In marketing research, in particular, the proper use of measurement scales is one of the basic problems. According to Stevens (1946), the permissible operations that can be performed on numerical data depend on the type of measurement scales used for the variables studied. Therefore, a different procedure is required when dealing with a data matrix that includes quantitative variables measured on scales of different types – i.e. when in addition to variables measured on strong measurement scales (i.e. interval and ratio scales), there are qualitative variables, characteristic of marketing research, measured on weak nominal and ordinal scales (e.g. data obtained from the measurement of attitudes, opinions, attitudes, preferences and expectations of recipients; product architecture and image; data from measurements of the color, quality and taste of products, packaging properties, opinions on the price level).
When all variables in a dataset are measured on a single type of scale, especially strong scales, the choice of statistical and econometric methods for analysis and interpretation is relatively straightforward. The problem of the transformation of measurement scales and permissible mathematical and statistical transformations for data obtained in individual types of measurement scales nevertheless often becomes apparent in social, economic and marketing research (Walesiak, 2014).

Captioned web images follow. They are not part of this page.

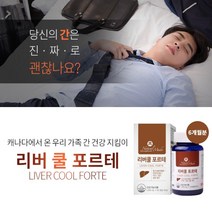 간수치 높을때 업무 피로할때 회식 음주 잦을때 술병났을때 간 건강 해독 관리 유지 개선 에 좋은 영양제 liver care vitamin, 4BOX(8개월분)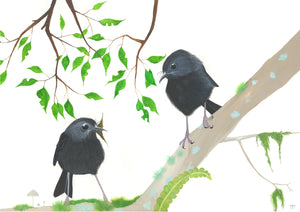 Endangered Black Robin print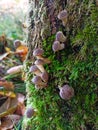 Nature woodland mushrooms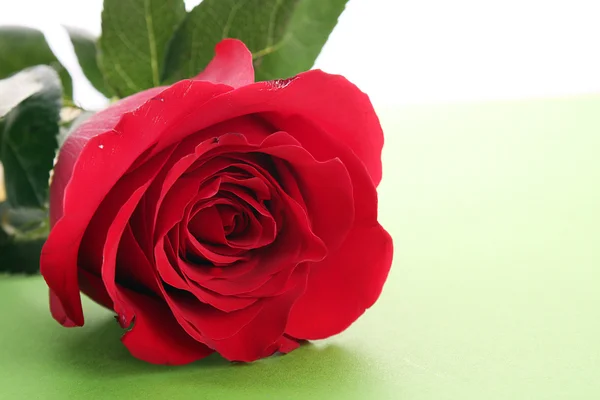Τριαντάφυλλο σε πράσινο φόντο — Φωτογραφία Αρχείου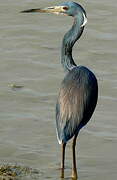 Tricolored Heron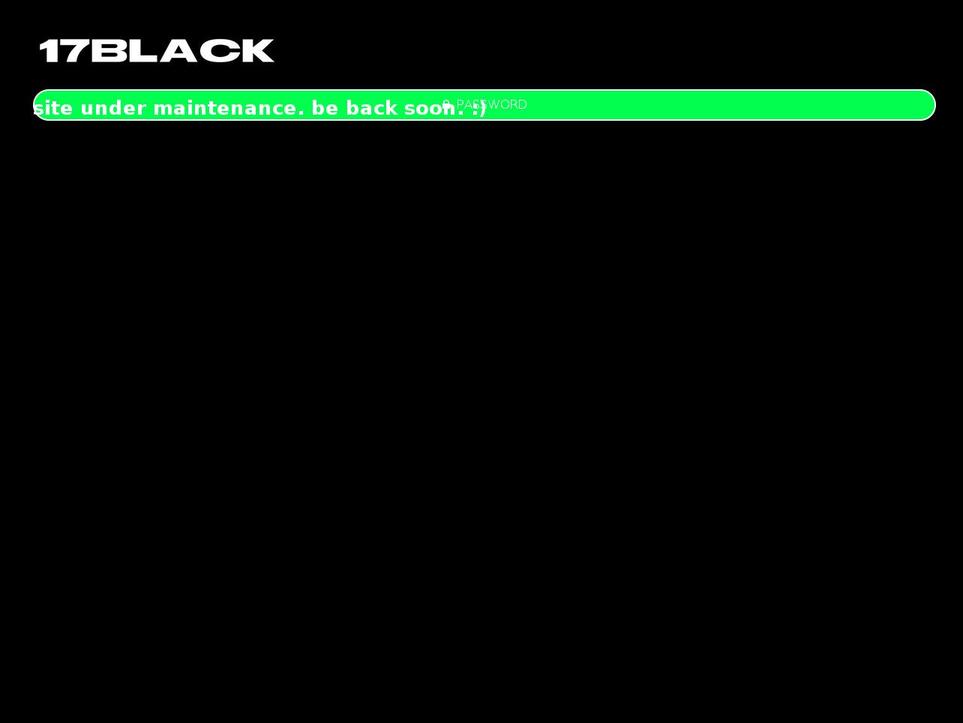 17blackusa.com shopify website screenshot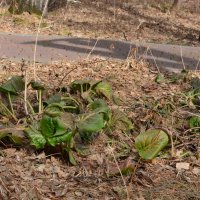 Листья Бадана :: Светлана Грызлова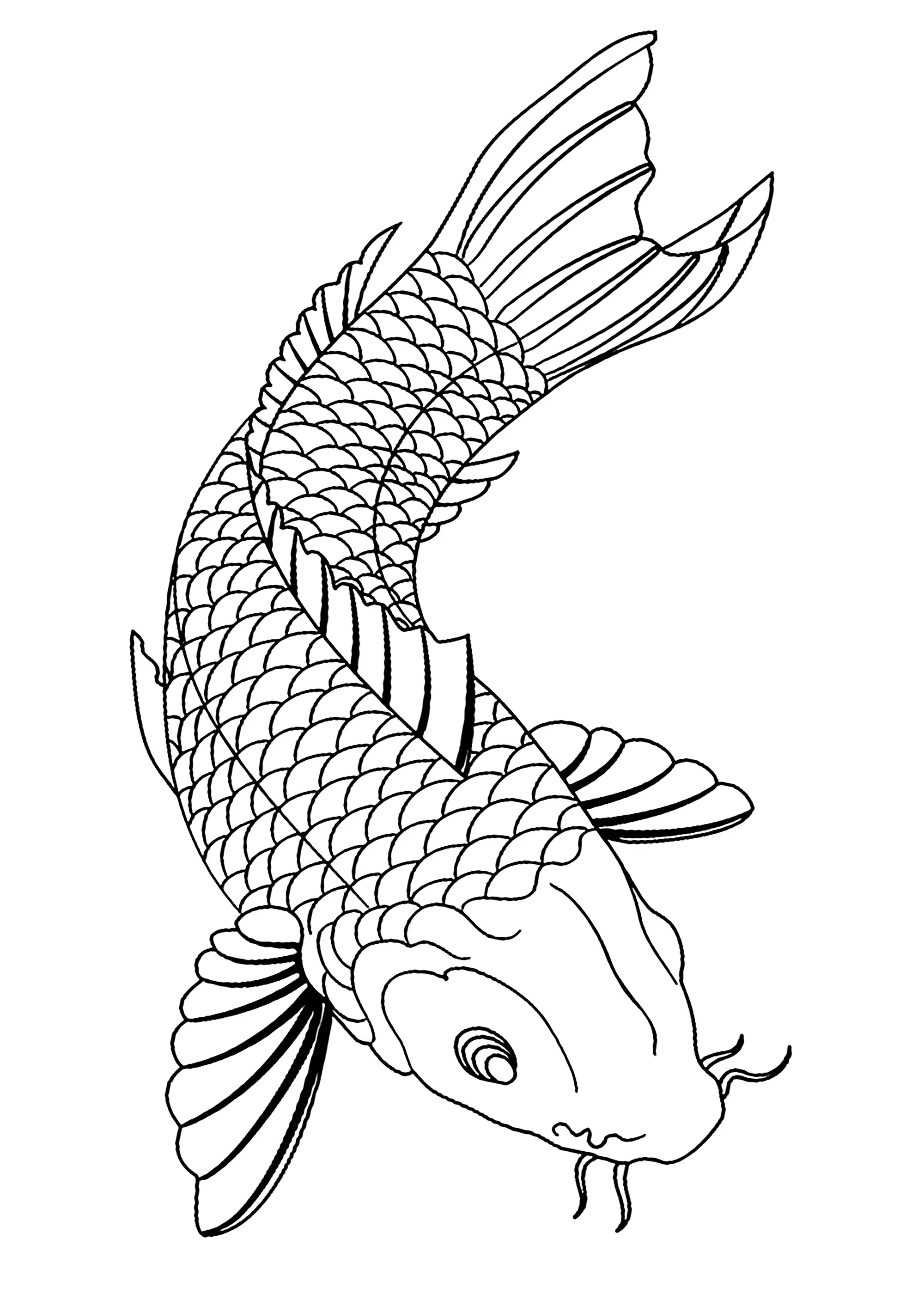 Jolie carpe Koï (Coloriage de Poissons à imprimer pour enfants)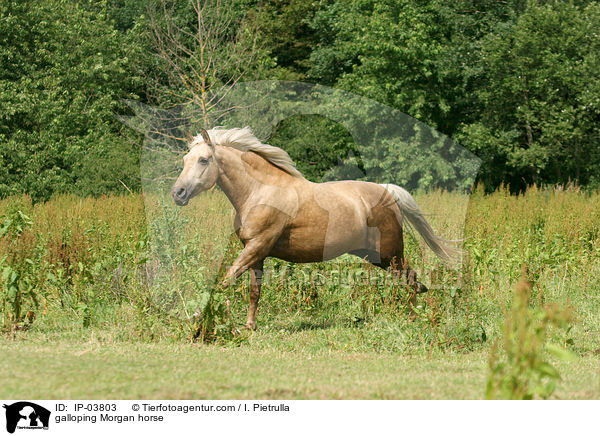 galoppierendes Morgan Horse / galloping Morgan horse / IP-03803
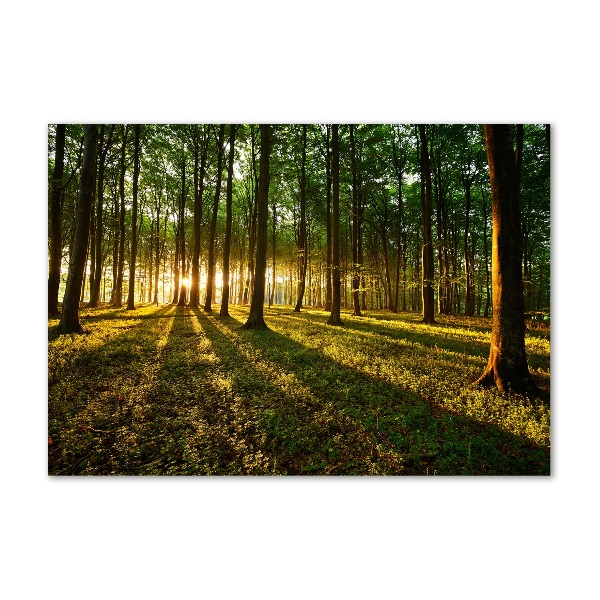 Quadro in verde Raggi di sole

What approach should researchers adopt, when specialist sources say one thing but common practice is different? The treatment of ordinal scales as interval scales, although common, has long been controversial (e.g. discussed by Walesiak, 1996) and – it seems – remains so. Kuzon et al. (1996) referred to the application of parametric tests to analyze ordinal data as the first of the “seven deadly sins of statistical analysis”. Knapp (1990), however, found some merit in the argument that sample size and distribution are more important than the level of measurement when determining whether it is appropriate to use parametric tests to assess specific parameter values for a given population from which the sample is drawn. These parameters may be the mean, variance or standard deviation.
Nevertheless, even if we accept that the status of intervals is justified in the case of data obtained using the Likert method, datasets generated using Likert-type scales often have a skewed or polarized distribution (e.g., when most respondents “agree” or “strongly agree” that a given brand of beer was tasty, or when respondents have polarized views on the “color of a beer bottle,” depending on their place of residence). Therefore, if we want to improve the quality of research in social sciences, and in marketing research in particular, such issues as the level of measurement and adequacy of mean, standard deviation, and parametric statistics should be taken into account already at the stage of research design, and authors must address them when discussing their chosen research methodology and the individual phases and stages of the research process, including specific activities, methods, and expected results at a given stage. Knapp (1990) proposed that researchers should decide what level of measurement is being used. To paraphrase: if data are measured on the interval level, for outcome x the researcher should be able to answer the question “x what?”. If the data are clearly ordinal, nonparametric tests should be used; and if the researcher is confident that the data can be reasonably classified as interval, attention should nevertheless be paid to the sample size, its representativeness, and whether the distribution is normal.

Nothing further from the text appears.